Mercy Mutanya is a Tech enthusiast, Digital Marketer, Writer and IT Business Management Student. She enjoys reading, writing, doing crosswords and binge-watching her favourite TV series.
Baidu is not the only Chinese tech company to take an interest in the metaverse. NetEase Global, Alibaba, Tencent, and Bytedance have all applied for metaverse trademarks.
Chinese internet company Baidu has revealed that its metaverse could take up to six years to be fully functional and up to par. The Beijing-based company started developing its XiRang metaverse app last year. According to Baidu vice president Ma Jie, a full launch of the application is “negative six” years. This was at a launch event on Tuesday.
Baidu has plans of holding its annual developers’ event virtually on its XiRang app in what would be the country’s first metaverse conference. The app can currently host up to 100,000 individuals. Ma Jie revealed that the company plans to build an open-source platform for metaverse devs. Monday’s annual developers’ conference will serve as an invitation for developers, mainly those based in China, to work on XiRang.
Creating a Metaverse Under China’s Strict Regulatory Conditions
Brian Tycangco, an analyst at Stansberry Research, notes that Baidu seems to be treading carefully to adhere to China’s policies. He also opined that the open-source platform could be a way of avoiding a monopolistic situation.
In recent months, the Chinese government has brought the hammer down on tech companies that it considers monopolistic. This is in an effort to foster ‘innovation-driven’ growth and has resulted in the enactment of a new data privacy law. The law, that came into effect on November 1, details how data collection, use and storage of information is to be handled.

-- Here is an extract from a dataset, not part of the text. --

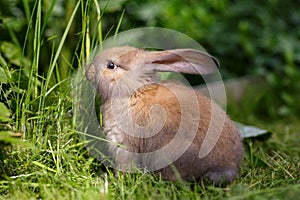 Brown french lop rabbit kid in summer day on the field. Beige baby bunny on a grass.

Baidu Joins Global Race to the Metaverse
Meanwhile, on the side of the world, Meta announced earlier this month that it was opening up its virtual reality world, Horizon Worlds, to persons aged 18 and older in the United States and Canada. Commenting on the trajectory of metaverse development, Microsoft co-founder Bill Gates said he expects most virtual meetings will be held in the metaverse in the coming two or three years.

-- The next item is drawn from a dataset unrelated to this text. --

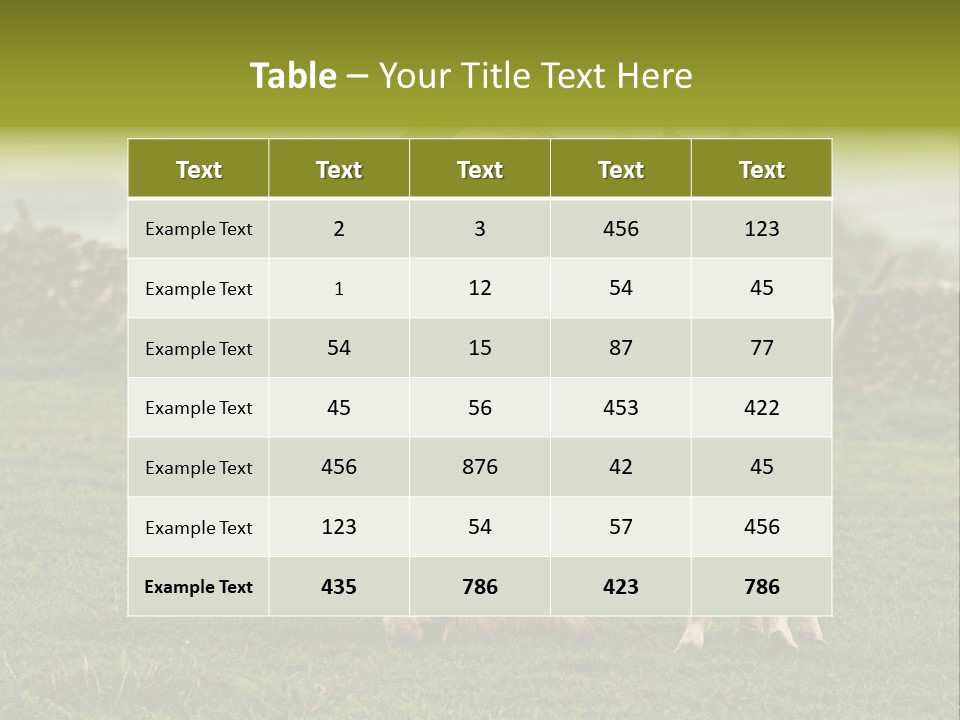 Horse And Foal PowerPoint Template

Dan Ives, a senior equity analyst at Wedbush Securities believes that with the six-year timeline, Baidu risks missing out on monetization of the metaverse, something he expects will begin in 2024 and grow in the following year.
He comments that “a six-year timeline for Baidu is disappointing to hear for investors and a head-scratcher as they will miss out on this massive metaverse market over the coming years.”

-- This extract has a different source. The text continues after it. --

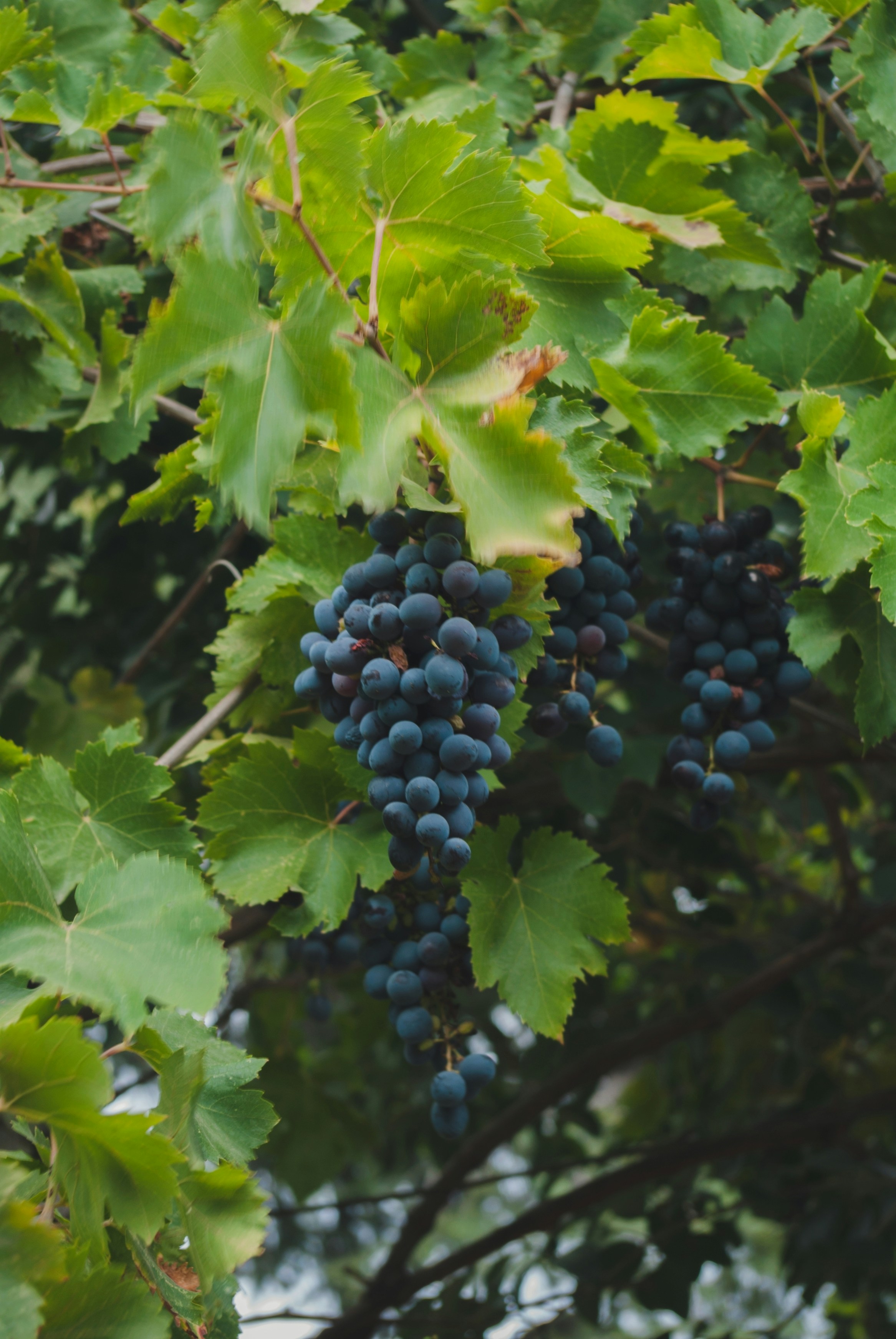 Photo by moonmoons_days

On the other hand, Alvin Graylin, president at HTC China believes that a metaverse will typically take five to ten years to develop.
“For the products and services that will comprise the Metaverse, pieces of them will come much sooner. The key challenge of achieving the full Metaverse ecosystem will likely be less about specific technology or products, but more about the underlying infrastructure, international regulatory agreement and global standards. It will take a joint global effort across many companies and governments to deliver on the promise of the Metaverse,” he said.